Set in a temporary press camp a few miles behind the front line in Italy, where the British are running the show for a largely American contingent of hacks who seem intent principally on stealing one another's stories, it reminded me of Flare Path, but without the luminous, transformative performance of Sheridan Smith.  Indeed, though perfectly competently done, for me it never quite took off.


In many respects it was of its time: three act structure, slow to start, elements of farce, stock characters (ditzy British ENSA chanteuse; hard-bitten mid-Western hacks; stuffed shirt British officer), slightly cavalier attitude to realism (we're told several times that it's bitterly cold, and some of the jokes turn on the fact, but then people wander round quite happily in shirt sleeves and there seems to be a constantly open door to the outside world at the back of the set), allusions to some of the problems war correspondents have always faced (notably military censorship).

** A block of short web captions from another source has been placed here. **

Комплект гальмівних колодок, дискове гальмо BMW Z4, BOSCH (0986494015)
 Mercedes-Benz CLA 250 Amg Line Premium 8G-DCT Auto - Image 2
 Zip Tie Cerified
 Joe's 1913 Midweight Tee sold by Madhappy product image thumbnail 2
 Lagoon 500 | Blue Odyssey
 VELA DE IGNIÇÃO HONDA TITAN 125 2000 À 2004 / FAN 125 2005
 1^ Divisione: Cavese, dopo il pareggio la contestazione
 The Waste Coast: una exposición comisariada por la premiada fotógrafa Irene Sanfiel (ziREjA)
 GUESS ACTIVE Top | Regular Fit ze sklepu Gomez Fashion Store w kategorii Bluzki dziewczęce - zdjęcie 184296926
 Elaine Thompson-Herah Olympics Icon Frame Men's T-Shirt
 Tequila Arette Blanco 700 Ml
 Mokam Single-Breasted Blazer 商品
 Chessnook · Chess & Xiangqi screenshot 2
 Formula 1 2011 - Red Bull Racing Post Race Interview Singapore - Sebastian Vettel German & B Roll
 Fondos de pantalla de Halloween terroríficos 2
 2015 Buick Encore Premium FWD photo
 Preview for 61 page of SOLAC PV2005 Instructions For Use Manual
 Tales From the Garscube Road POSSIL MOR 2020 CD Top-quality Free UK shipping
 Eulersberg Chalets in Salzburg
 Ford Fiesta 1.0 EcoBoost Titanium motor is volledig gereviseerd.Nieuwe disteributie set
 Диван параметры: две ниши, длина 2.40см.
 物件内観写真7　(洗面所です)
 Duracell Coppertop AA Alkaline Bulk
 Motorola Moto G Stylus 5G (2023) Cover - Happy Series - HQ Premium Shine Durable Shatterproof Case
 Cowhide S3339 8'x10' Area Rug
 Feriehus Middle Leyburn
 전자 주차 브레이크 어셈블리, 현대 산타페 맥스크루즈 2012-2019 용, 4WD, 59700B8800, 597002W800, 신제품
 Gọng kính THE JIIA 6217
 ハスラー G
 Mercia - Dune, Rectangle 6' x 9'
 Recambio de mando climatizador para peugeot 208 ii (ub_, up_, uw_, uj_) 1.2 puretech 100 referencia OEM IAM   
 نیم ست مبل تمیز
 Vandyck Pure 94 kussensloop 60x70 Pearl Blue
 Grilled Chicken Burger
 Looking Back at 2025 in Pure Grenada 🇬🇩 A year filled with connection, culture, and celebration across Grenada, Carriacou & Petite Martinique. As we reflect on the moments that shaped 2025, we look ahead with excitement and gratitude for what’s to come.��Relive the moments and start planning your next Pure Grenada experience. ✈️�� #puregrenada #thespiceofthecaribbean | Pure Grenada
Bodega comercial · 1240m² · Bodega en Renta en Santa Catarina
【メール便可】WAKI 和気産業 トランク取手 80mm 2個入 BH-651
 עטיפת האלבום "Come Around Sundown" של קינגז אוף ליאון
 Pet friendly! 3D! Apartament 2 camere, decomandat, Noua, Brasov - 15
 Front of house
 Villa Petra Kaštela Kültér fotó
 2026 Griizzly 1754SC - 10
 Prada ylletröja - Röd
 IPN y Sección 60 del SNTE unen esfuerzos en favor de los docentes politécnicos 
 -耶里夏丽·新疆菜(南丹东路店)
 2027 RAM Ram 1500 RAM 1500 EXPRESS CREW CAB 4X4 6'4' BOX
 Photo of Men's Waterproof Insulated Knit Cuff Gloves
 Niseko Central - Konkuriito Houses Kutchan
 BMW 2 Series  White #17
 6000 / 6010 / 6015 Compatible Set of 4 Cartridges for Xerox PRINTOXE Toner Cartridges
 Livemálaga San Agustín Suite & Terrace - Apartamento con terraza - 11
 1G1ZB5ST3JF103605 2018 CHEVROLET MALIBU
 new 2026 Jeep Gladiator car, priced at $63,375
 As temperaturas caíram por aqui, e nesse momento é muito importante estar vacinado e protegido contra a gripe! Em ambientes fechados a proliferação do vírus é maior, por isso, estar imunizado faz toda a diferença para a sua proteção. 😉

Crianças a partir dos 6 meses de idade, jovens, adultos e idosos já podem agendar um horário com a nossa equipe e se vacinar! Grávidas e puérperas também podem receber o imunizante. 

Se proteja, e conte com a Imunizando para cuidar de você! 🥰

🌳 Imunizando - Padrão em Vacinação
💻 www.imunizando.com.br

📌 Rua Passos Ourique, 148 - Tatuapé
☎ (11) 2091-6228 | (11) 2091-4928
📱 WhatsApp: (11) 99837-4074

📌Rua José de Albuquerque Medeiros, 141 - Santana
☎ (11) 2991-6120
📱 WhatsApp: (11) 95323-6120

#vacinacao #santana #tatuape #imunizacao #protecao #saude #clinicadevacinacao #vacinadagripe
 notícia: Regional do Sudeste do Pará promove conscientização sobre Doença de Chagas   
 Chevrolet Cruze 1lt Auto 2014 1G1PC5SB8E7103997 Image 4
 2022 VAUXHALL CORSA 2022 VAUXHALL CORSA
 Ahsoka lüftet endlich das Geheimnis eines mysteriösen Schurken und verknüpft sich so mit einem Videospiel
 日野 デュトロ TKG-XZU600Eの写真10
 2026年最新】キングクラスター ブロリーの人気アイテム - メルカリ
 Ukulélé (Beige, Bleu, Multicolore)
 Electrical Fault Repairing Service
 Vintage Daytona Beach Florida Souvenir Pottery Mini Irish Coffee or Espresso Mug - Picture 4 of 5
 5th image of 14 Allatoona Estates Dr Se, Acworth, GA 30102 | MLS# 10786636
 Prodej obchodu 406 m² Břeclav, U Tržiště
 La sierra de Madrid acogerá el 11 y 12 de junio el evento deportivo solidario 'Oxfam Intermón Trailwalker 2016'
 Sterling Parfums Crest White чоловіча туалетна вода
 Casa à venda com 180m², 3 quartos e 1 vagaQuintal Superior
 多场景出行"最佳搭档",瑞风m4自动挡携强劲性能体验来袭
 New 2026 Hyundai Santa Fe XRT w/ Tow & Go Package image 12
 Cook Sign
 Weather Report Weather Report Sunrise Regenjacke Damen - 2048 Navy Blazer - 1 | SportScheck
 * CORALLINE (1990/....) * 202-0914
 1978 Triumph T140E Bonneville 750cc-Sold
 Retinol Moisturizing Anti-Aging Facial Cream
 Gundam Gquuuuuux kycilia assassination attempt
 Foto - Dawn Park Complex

But the modern journalistic trade's fascination with the ethics of the whole business was largely missing, probably because in the immediate wake of WW2 everyone still had a pretty black and white view of the war and everything connected with it.


It was also highly autobiographical.  The unscrupulous but charismatic correspondent to whom one of the correspondents was briefly married, and under whose spell she once again falls when they meet up again, who stole all her scoops on the pretence that he was protecting her from danger, is Ernest Hemingway, to whom Gellhorn was for a time married.  The uptight Yorkshire squire and major given the thankless task of acting as PR to the correspondents is Aidan Crawley, the upper middle class Brit who helped found ITN and who Cowles married.


A lot of the comedy turned on the assumption on the part of the special men in their lives that both the women needed protecting not only from the risks of their chosen profession but from any kind of adventure or paid work, and should really be at home knitting socks. Satirising such attitudes seems unexceptionable now, but thinking back to the general state of society in the 1940s I imagine the women in the audience nodding inwardly, but biting their tongues as their menfolk laughed heartily at the absurdity of women riding jeeps to war.

We were about the only people in the theatre who didn't belong either to a huge gang of teenage girls (they
loved it, especially the comic Yorkshire servant with a Midlands accent -- not that they'd have known that -- and the love scenes, which they found hilarious) or to the party celebrating the wedding of what we took to be one of the theatre's trustees, who was sitting with his new husband in the front row. the pair of them looking dapper in matching dark suits and white button-holes (don't know what they thought of the love scenes).



One of the leading ladies was a substitute: the wonderfully named Heidi Armbruster was presumably indisposed.  She seemed a pretty adequate substitute.